═════ GIVEN ENTRIES ═════

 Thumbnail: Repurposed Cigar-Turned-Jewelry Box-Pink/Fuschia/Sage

═════
═════ GIVEN ENTRIES ═════

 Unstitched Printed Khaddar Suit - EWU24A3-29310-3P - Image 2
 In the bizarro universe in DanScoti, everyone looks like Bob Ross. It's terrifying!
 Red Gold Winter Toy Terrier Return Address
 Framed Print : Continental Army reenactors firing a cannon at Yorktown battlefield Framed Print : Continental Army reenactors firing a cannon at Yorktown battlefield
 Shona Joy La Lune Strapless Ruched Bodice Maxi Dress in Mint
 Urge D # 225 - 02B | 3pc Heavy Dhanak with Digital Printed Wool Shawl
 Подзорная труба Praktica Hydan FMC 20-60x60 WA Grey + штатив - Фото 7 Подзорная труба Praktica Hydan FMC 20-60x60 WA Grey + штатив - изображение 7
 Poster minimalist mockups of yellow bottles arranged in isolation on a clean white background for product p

═════

* PROBLEM TO SOLVE
A word-for-word copy of the lines above from the one with "Shona Joy La" through the one with "- изображение 7", inclusive, is the only output wanted.

* EXERCISE ANSWER
 Shona Joy La Lune Strapless Ruched Bodice Maxi Dress in Mint
 Urge D # 225 - 02B | 3pc Heavy Dhanak with Digital Printed Wool Shawl
 Подзорная труба Praktica Hydan FMC 20-60x60 WA Grey + штатив - Фото 7 Подзорная труба Praktica Hydan FMC 20-60x60 WA Grey + штатив - изображение 7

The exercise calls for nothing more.